Ag Tech Talk Podcast: Rewiring How We Farm With MIT’s Michael Strano
In this episode of Ag Tech Talk by AgriBusiness Global, we’re joined by Michael Strano, Professor of Chemical Engineering at MIT and Co-Lead Principal Investigator at the Disruptive & Sustainable Technologies for Agricultural Precision (DiSTAP) interdisciplinary research group at the Singapore-MIT Alliance for Research & Technology (SMART), MIT’s research enterprise in Singapore. Strano shared how his team is pioneering real-time, non-invasive plant monitoring technologies that tap directly into the chemical “nervous system” of crops. He also explains how tools like nanosensors, AI, and controlled environment systems are reshaping how we understand and optimize plant growth. From hormone-based crop diagnostics to nanotechnology-powered fertilizers and CRISPR delivery, he explores the innovations needed to close the gap between food security and sustainability — and what it will take to bring these tools to farms around the world.
Podcast Transcript:
* This is an edited and partial transcript of this podcast.

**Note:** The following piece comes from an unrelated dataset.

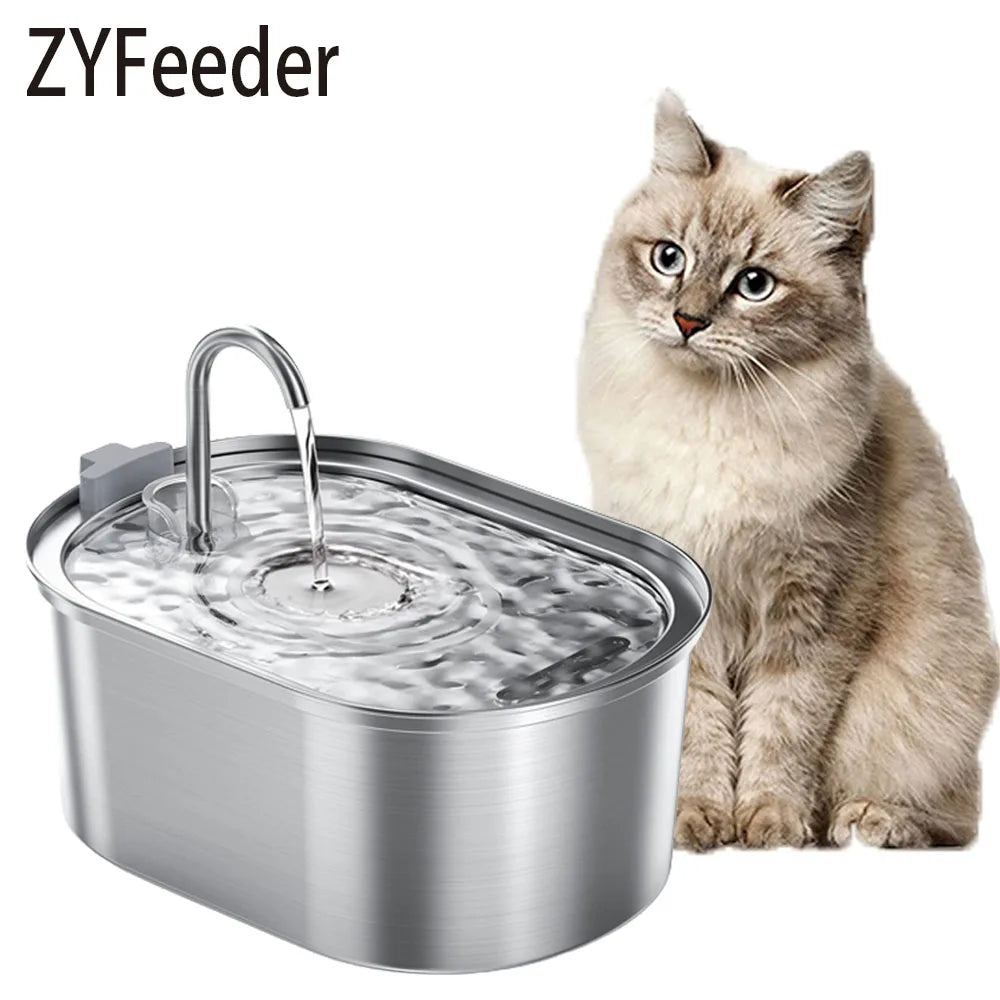 Smart Cat Water Fountain Automatic Drinker For Cats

Q: Can you tell me a bit about what role real-time, non-invasive plant monitoring will play in the future of precision agriculture?

Prof. Michael Strano
Michael Strano: Well, the dream that everyone has is to use real-time feedback directly from the plant. For example, is the plant actively growing? To determine that, you might monitor a hormone called auxin. Plants express auxin in gradients, and those gradients literally tell the plant which direction to grow. If we can tap into that, we can instantly understand whether a plant is healthy and wants to grow.
The ultimate vision is to place living crops in a controlled environment and then “tune the knobs”—things like the amount, color, and intensity of light, water, carbon dioxide, and soil nutrients. These are all variables we can optimize. And the idea is to use sensors to inform how to adjust those inputs in what’s known as a control loop.
There are a lot of advantages to this approach. Not only can you optimize growth, but you can do it across any seed or crop type. Imagine a farm with a very rapid harvest cycle, yielding multiple harvests per year.
You could drop in seeds from anywhere in the world—even different types of crops, like strawberries or leafy greens—and the environment would automatically adjust in real time to optimize growth and respond to disease or stress.
But to make that dream a reality, we need one critical thing: data fast enough—fast enough for at least a farmer to intervene, and eventually, for a computer or AI system to manage autonomously.